Moving forward, Munter, the U.S. ambassador to Pakistan from October 2013 to July 2012, urged that policymakers “demystify” views of Pakistan and determine with whom American leaders can work to develop a more coordinated and longer-term agenda in the region.
Disagreement over the approach to Pakistan in Washington over the years has hampered the ability at both ends to shape an effective strategy, the speakers at the USIP event agreed, leaving policy makers with a disparate and uncoordinated strategy and Pakistan at odds with violent military groups.
“We need to reassess what is possible in the post-2014 period,” Munter said. He called for realistic goals that do not “overburden” institutions and that are more focused on long-term impact, including engaging regional players such as India and Saudi Arabia.
Still, Lavoy highlighted points of progress in Pakistan. He argued that the military has successfully fought the insurgency in western Pakistan and that it has begun to integrate military technology against militants for more decisive operations, including using F-16s with night radar capabilities. Likewise, Pakistan has also made major improvements to its policing and legal infrastructure.

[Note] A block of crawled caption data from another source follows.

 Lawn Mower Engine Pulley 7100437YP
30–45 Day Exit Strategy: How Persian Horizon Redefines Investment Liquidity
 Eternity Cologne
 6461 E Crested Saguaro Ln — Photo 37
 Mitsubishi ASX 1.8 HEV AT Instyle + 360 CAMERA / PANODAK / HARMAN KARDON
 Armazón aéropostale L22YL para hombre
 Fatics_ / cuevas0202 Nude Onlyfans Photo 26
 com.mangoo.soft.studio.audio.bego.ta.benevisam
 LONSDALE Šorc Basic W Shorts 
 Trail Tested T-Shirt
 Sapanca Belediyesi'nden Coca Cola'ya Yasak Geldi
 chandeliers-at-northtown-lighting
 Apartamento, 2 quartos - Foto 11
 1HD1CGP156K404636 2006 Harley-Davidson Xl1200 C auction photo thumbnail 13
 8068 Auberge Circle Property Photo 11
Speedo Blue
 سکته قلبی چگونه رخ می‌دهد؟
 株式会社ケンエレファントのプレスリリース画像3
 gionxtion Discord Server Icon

Ultimately, “throughout South Asia and all of these countries, the underlying patterns of incomplete nation building projects, weak states, fragile democracies and the primacy that governments put on conflict with other states over an emphasis on prosperity and peace” have created a unique climate for terrorism in South Asia, he said. This legacy will be reversed when South Asian states prioritize peace and prosperity over conflict, he said.
Amy Calfas is an administrative assistant in USIP’s Center for South and Central Asia.